- [TASK DESCRIPTION]
The response must consist of the lines below from the one with "ON THE MAT - Image 39" through the one with "3VWLZ7AJXBM040439 - 2011", exactly as they appear and with both ends kept.

- [SUPPLIED DATA]
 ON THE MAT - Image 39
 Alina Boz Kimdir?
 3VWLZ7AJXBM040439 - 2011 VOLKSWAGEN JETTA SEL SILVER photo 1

...

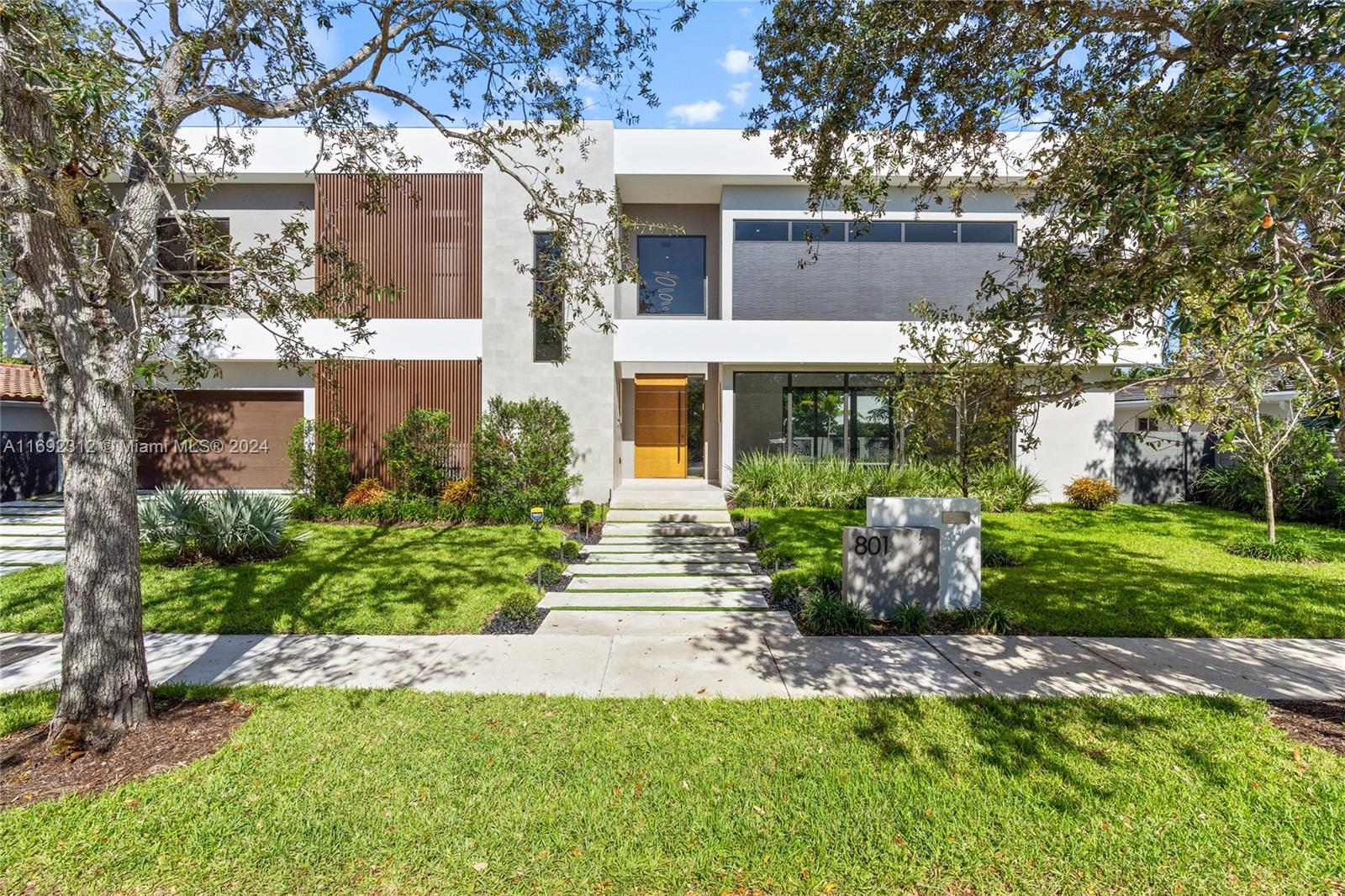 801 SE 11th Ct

- [ANSWER]
 ON THE MAT - Image 39
 Alina Boz Kimdir?
 3VWLZ7AJXBM040439 - 2011 VOLKSWAGEN JETTA SEL SILVER photo 1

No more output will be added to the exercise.